The ternary sulfides KYS2 and KLaS2 are two promising candidates for numerous applications, as much as white LED, X-ray phosphor and transparent conductor materials. However, theoretical studies on these materials are lacking, and many of their physical properties are still unknown. The aim of this work is to investigate the physical properties of the ternary sulfides KYS2 and KLaS2 namely, structural, elastic, optoelectronic, thermodynamic analysis, and set the substitution effect of Y and La elements in the two compounds. The fundamental properties calculations are based on ab-initio pseudopotential framework, with both local density approximation (LDA) and generalized gradient approximations (GGA) along with an expanded set of plane waves. The Becke, 3-parameter, Lee–Yang–Parr (B3LYP) hybrid functional is also employed to describe the electronic structures and optical properties.
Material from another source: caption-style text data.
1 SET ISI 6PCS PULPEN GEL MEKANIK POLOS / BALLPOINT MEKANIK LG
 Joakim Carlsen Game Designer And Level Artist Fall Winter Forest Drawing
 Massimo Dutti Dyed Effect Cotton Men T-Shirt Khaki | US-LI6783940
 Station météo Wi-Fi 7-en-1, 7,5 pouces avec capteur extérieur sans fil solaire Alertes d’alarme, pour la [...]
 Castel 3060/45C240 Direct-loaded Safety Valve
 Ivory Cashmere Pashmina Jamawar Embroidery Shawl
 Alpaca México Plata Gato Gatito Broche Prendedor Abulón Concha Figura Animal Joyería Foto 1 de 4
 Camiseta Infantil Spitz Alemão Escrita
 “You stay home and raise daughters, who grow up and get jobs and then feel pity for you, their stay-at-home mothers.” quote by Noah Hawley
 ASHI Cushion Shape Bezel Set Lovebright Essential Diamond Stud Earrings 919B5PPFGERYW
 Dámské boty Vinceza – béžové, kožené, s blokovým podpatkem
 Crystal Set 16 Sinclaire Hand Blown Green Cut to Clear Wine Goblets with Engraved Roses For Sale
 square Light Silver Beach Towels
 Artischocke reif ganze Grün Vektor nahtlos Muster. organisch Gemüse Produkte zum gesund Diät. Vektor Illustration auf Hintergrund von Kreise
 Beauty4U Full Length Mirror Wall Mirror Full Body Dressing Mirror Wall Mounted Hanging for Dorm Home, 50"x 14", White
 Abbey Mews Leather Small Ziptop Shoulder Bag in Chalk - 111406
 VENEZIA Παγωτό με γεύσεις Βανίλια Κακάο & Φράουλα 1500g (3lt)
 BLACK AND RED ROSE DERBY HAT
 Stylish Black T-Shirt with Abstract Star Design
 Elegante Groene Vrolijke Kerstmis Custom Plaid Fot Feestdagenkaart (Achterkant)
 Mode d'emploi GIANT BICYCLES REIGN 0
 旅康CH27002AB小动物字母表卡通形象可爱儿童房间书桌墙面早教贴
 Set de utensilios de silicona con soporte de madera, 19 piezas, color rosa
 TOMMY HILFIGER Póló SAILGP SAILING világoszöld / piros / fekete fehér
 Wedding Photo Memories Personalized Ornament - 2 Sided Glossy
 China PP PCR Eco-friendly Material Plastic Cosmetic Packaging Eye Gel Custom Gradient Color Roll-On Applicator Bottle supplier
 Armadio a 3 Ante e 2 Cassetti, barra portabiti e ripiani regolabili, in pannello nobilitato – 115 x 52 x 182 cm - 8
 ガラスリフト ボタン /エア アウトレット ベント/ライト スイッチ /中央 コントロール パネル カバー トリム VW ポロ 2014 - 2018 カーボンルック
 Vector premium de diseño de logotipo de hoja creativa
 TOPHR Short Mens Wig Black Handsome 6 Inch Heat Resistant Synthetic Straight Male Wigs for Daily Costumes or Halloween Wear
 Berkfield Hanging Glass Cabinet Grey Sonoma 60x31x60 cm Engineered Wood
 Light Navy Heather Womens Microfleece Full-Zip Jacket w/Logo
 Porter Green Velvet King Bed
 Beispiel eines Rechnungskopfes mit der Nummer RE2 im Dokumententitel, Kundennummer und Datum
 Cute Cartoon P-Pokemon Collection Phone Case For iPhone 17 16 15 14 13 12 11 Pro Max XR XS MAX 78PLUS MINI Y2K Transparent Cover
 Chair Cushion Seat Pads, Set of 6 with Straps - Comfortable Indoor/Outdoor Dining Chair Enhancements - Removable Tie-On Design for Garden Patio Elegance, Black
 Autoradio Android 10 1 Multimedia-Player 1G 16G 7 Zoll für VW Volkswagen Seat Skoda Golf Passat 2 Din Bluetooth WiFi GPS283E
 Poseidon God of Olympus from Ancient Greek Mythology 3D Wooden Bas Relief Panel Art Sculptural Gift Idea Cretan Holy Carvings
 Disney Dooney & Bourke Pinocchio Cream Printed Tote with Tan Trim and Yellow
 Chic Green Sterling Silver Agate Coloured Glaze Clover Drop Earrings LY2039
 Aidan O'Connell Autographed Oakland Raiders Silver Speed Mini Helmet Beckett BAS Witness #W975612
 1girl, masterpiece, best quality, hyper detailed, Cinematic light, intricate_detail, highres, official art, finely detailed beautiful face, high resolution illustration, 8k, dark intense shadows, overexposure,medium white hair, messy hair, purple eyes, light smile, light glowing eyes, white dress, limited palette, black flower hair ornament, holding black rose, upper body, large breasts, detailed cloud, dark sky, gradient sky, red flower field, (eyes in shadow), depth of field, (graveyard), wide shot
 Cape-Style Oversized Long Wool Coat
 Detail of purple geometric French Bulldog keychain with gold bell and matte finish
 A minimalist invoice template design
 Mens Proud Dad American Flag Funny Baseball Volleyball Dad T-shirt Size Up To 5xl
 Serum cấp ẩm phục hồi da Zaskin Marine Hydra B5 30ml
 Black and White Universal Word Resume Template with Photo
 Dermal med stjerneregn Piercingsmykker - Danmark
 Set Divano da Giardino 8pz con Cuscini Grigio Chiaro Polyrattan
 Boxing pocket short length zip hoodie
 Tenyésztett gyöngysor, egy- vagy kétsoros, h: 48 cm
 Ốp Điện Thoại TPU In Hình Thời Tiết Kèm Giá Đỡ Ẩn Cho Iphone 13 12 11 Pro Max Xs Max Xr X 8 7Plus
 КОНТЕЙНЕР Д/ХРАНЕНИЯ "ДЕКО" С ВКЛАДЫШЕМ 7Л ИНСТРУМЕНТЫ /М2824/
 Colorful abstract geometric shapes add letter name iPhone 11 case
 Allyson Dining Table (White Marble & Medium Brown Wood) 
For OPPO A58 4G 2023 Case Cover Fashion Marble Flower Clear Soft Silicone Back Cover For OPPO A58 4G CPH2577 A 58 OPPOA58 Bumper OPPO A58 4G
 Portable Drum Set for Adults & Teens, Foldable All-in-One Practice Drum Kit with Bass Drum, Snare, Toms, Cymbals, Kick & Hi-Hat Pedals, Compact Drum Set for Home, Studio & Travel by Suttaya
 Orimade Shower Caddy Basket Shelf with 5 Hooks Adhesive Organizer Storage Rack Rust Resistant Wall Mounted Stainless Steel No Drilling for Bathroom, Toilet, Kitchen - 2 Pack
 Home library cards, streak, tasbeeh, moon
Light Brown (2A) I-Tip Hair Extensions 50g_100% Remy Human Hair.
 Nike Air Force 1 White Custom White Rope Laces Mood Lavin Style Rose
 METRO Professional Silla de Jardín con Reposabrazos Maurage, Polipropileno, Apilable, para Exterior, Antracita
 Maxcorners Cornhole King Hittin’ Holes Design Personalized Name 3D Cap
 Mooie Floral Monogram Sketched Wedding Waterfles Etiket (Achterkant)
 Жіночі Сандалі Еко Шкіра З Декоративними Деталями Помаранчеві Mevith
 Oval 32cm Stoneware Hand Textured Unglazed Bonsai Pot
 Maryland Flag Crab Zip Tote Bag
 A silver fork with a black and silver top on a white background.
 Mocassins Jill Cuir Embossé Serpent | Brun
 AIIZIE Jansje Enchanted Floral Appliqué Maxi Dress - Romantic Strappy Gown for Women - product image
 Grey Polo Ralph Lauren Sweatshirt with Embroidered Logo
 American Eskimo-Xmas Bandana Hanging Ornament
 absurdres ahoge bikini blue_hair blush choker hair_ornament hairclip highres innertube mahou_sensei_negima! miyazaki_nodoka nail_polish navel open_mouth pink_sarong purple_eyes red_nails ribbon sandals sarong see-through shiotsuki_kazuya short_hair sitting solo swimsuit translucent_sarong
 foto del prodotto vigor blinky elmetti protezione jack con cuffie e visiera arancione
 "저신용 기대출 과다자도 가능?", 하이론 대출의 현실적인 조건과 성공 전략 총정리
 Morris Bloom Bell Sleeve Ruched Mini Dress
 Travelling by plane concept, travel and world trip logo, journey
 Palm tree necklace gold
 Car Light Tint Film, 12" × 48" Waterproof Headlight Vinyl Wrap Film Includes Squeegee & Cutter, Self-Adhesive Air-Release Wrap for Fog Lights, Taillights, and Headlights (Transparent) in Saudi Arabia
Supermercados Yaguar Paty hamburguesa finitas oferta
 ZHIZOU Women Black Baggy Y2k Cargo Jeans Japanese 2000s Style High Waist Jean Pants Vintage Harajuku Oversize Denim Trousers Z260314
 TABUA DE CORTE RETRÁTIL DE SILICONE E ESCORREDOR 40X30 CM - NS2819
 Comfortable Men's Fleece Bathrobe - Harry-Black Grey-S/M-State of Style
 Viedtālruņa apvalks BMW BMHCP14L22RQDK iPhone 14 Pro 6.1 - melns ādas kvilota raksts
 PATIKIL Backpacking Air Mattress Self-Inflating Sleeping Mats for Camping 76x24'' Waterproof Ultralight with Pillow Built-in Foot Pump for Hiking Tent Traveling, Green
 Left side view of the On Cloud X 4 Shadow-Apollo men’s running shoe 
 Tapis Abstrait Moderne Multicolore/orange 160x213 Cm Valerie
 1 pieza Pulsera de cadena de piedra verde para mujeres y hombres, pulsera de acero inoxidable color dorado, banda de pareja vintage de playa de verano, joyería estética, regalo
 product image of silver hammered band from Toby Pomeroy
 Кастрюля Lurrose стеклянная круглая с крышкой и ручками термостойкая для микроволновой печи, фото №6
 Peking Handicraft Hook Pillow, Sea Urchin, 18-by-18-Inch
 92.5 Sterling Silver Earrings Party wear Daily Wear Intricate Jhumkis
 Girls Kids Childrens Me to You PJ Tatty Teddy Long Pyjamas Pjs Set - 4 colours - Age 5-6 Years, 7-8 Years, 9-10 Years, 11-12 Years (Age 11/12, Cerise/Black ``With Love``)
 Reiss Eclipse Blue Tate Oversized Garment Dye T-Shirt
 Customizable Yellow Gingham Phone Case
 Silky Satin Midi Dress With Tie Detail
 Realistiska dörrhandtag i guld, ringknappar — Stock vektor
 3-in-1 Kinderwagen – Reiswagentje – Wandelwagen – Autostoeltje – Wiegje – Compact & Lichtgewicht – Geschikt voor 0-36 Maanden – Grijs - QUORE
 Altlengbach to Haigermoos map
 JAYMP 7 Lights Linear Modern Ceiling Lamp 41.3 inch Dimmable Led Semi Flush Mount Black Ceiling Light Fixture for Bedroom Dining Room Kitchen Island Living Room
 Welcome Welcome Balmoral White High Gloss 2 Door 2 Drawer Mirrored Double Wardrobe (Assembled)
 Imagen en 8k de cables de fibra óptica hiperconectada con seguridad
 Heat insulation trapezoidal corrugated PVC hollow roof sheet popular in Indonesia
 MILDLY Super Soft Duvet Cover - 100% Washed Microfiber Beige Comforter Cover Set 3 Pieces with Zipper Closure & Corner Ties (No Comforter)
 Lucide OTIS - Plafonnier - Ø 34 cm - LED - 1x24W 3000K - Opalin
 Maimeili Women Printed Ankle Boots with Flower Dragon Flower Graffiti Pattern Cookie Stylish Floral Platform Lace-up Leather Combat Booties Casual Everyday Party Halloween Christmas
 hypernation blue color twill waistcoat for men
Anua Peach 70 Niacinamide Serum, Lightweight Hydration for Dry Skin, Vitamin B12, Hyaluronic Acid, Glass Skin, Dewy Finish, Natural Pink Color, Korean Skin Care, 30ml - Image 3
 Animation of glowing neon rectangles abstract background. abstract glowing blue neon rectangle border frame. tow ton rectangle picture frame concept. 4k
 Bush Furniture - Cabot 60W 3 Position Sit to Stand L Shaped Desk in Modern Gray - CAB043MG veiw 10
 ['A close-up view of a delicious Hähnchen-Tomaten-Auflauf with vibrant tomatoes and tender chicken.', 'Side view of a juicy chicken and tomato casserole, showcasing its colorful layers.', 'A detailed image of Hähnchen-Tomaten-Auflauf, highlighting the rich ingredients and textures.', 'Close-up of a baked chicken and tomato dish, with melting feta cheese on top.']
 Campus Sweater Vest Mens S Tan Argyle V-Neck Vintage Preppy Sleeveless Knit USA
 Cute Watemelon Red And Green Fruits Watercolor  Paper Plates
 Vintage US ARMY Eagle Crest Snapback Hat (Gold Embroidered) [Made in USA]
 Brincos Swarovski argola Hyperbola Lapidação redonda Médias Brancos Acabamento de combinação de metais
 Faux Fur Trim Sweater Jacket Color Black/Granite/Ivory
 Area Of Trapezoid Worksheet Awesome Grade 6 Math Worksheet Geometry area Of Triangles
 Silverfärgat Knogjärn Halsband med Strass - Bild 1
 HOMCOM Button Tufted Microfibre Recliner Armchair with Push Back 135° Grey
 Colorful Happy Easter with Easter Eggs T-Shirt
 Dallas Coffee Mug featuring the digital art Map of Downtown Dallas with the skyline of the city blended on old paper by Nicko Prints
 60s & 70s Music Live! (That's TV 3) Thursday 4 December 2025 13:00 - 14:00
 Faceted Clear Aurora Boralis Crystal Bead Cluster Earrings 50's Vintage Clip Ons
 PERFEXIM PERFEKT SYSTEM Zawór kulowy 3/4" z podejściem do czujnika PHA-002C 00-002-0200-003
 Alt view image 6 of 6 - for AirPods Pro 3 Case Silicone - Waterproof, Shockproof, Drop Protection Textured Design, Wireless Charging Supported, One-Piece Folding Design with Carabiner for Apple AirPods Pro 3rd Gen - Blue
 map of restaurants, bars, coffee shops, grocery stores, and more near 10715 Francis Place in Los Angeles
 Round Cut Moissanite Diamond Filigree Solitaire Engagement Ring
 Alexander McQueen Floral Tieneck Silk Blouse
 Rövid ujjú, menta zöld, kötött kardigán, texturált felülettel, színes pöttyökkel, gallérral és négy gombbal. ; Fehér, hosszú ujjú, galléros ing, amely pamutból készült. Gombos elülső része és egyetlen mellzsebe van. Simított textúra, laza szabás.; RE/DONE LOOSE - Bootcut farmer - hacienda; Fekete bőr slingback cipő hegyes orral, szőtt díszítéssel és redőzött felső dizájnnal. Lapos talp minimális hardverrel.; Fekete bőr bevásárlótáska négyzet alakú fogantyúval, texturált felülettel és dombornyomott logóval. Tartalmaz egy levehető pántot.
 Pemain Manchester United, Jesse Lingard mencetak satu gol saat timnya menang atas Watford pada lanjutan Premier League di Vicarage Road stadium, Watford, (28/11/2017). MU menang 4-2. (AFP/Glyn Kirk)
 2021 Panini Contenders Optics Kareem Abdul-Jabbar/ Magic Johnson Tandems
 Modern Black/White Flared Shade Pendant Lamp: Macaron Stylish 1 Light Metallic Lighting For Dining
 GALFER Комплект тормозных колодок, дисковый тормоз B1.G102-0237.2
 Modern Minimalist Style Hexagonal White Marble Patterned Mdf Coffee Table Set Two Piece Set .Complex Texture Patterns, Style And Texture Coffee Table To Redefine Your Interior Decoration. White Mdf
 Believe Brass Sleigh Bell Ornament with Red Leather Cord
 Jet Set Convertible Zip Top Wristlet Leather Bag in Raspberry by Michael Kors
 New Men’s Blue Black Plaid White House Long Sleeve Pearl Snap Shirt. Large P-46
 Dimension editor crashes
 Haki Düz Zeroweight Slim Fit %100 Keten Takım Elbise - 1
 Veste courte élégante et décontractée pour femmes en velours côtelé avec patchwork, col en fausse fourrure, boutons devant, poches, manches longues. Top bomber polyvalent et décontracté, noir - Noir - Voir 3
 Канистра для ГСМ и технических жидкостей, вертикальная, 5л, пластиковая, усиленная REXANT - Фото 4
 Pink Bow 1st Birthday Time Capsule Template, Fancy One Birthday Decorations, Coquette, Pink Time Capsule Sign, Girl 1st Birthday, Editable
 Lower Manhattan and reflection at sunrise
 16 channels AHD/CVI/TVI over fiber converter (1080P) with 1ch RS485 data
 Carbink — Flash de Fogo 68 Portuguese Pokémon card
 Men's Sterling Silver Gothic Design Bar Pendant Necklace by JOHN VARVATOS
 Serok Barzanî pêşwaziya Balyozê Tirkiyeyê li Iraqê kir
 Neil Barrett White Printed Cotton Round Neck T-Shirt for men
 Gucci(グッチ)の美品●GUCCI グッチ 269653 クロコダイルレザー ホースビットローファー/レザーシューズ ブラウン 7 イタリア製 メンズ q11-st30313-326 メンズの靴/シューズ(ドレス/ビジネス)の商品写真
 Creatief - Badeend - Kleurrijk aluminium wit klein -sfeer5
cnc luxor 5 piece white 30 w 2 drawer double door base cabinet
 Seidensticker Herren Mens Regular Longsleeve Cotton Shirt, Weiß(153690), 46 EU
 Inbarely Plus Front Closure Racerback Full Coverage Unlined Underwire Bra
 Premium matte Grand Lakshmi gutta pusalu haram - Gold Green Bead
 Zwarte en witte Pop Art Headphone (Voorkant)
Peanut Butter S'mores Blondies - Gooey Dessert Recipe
The optimized crystal parameters are correlated very well with the existing experimental data. The predicted values of the elastic constants demonstrate that the two compounds are mechanically stable and can be classified as brittle materials. The band structure analysis reveals that both KYS2 and KLaS2 have indirect band gap. The optical properties, like the refractive index, extinction, absorption and reflectivity coefficients, are determined for various polarizations of incident light, while both compounds present optical anisotropy. The obtained optical properties indicate the high transparency of KYS2 and KLaS2 in the infrared and visible regions, which makes them promising candidates for many of transparent applications. The thermodynamic properties are investigated with the help of quasiharmonic Debye model approximation. KYS2 has a larger bulk modulus value, which make it more beneficial in engineering applications. Calculations of thermodynamical properties indicate that KYS2 compound has better thermal conductivity, stronger chemical bonds and bigger hardness.